▶ _Task directions_: Transcribe the records in full; omit images.

▶ _Records_:
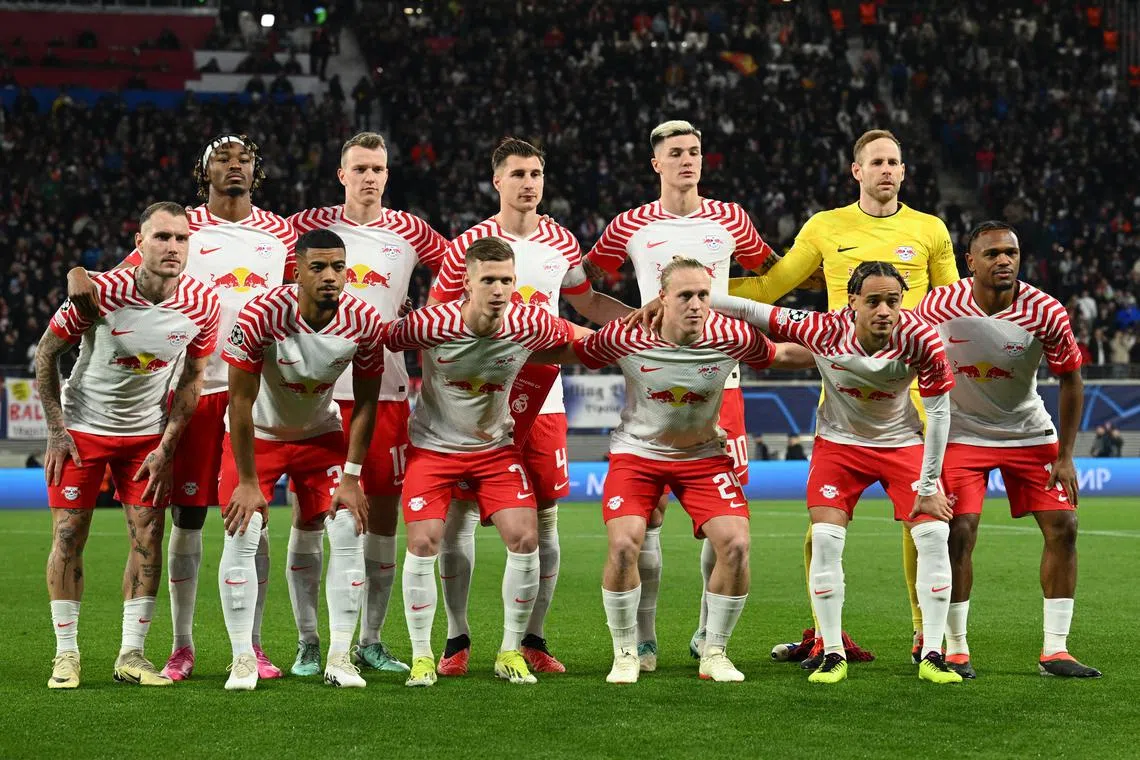 Soccer Football - Champions League - Round of 16 - First Leg - RB Leipzig v Real Madrid - Red Bull Arena, Leipzig, Germany - February 13, 2024 RB Leipzig players pose for a team group photo before the match REUTERS/Annegret Hilse/File Photo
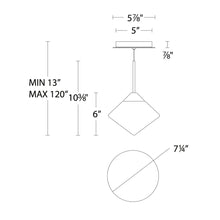Load image into Gallery viewer, Chrysalis LED Mini Pendant Light - line drawing.
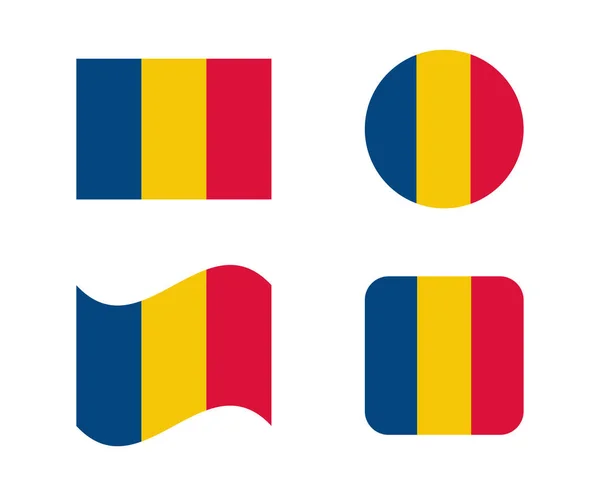 Set van 4 vlaggen van Roemenië — Stockvector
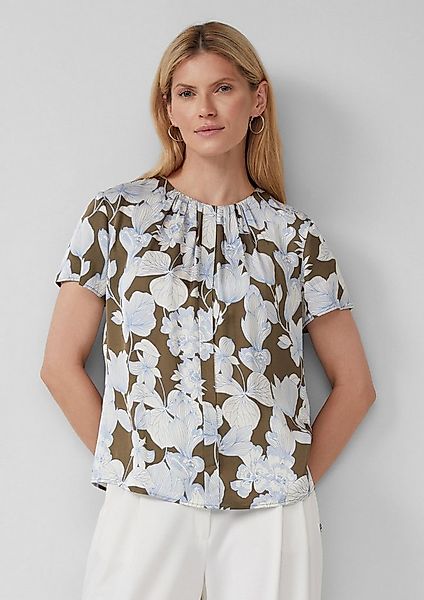 s.Oliver Kurzarmbluse Bluse Satinbluse im Slim Fit mit Raffung und All-over günstig online kaufen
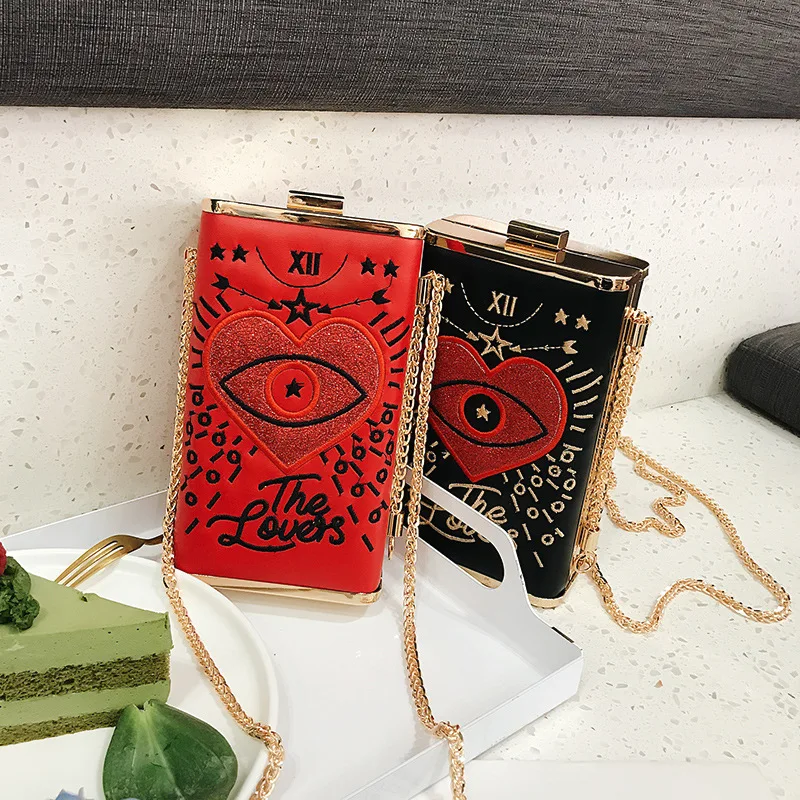 

JIULIN 2019 New heavy metal wine kettle bag loving eyes embroidered single shoulder slanted female bag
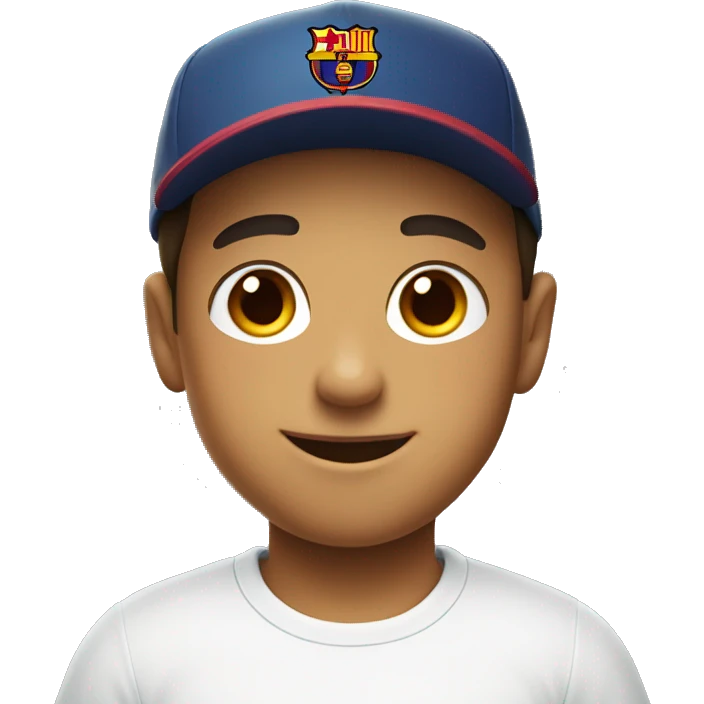 smiling boy in white shirt with Barcelona Cap emoji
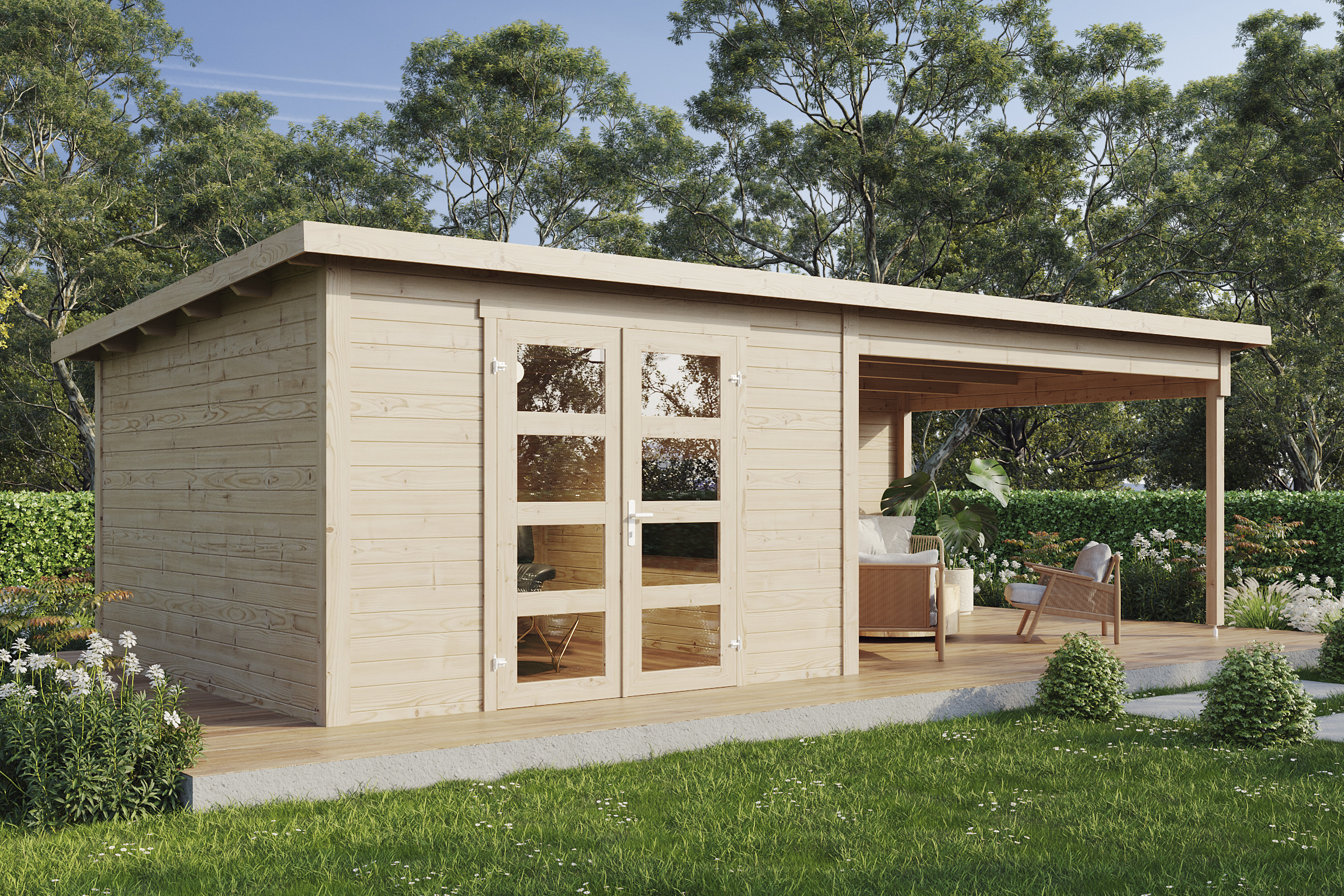 Wolff Finnhaus Gartenhaus Ole 7133 - 28 mm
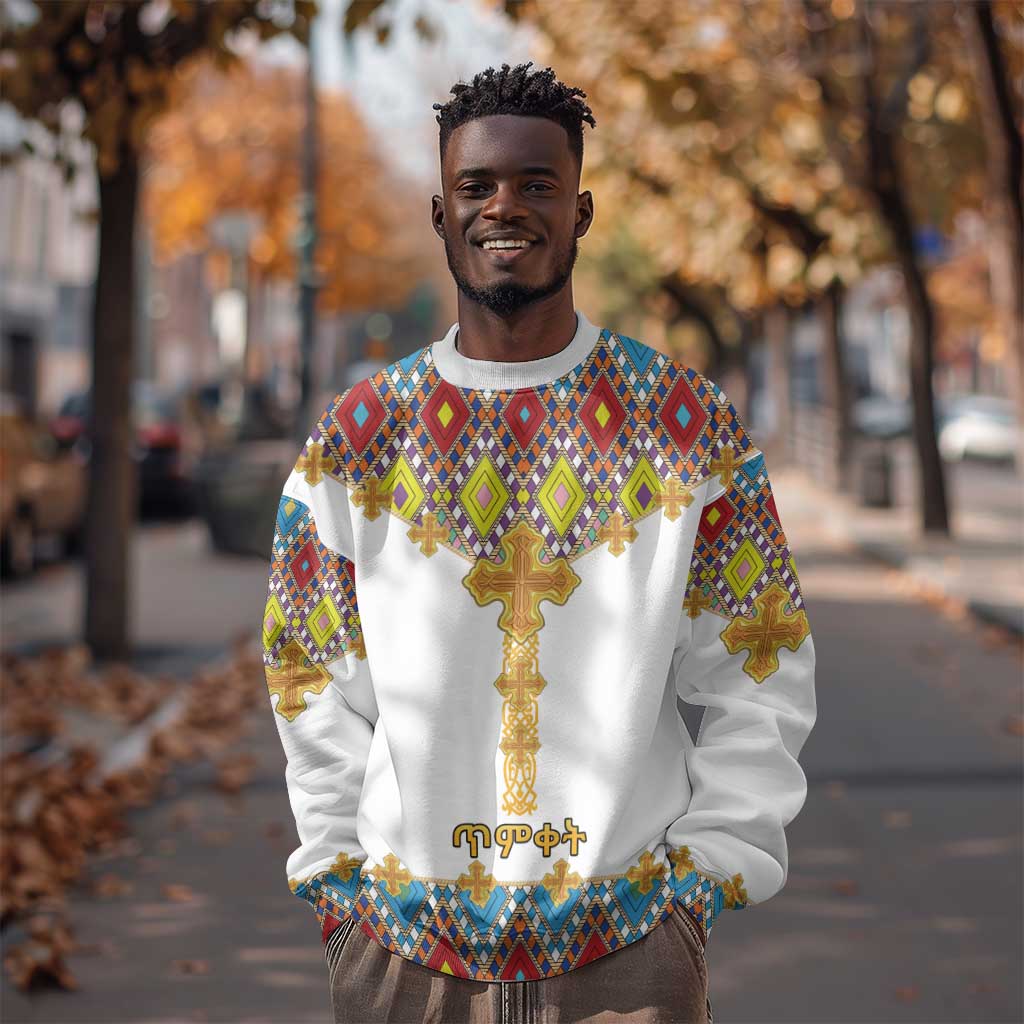 Happy Ethiopian Timkat Sweatshirt Cross Mix Tilet Pattern LT15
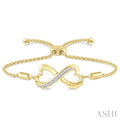 1/20 Ctw Conjoined Hearts Round Cut Diamond Lariat Bracelet in Yellow Gold Vermeil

▶ _Your response_:
 Soccer Football - Champions League - Round of 16 - First Leg - RB Leipzig v Real Madrid - Red Bull Arena, Leipzig, Germany - February 13, 2024 RB Leipzig players pose for a team group photo before the match REUTERS/Annegret Hilse/File Photo
Load image into Gallery viewer, Chrysalis LED Mini Pendant Light - line drawing.
 Set van 4 vlaggen van Roemenië — Stockvector
 s.Oliver Kurzarmbluse Bluse Satinbluse im Slim Fit mit Raffung und All-over günstig online kaufen

JIULIN 2019 New heavy metal wine kettle bag loving eyes embroidered single shoulder slanted female bag
 smiling boy in white shirt with Barcelona Cap emoji
 Wolff Finnhaus Gartenhaus Ole 7133 - 28 mm
 Happy Ethiopian Timkat Sweatshirt Cross Mix Tilet Pattern LT15
 1/20 Ctw Conjoined Hearts Round Cut Diamond Lariat Bracelet in Yellow Gold Vermeil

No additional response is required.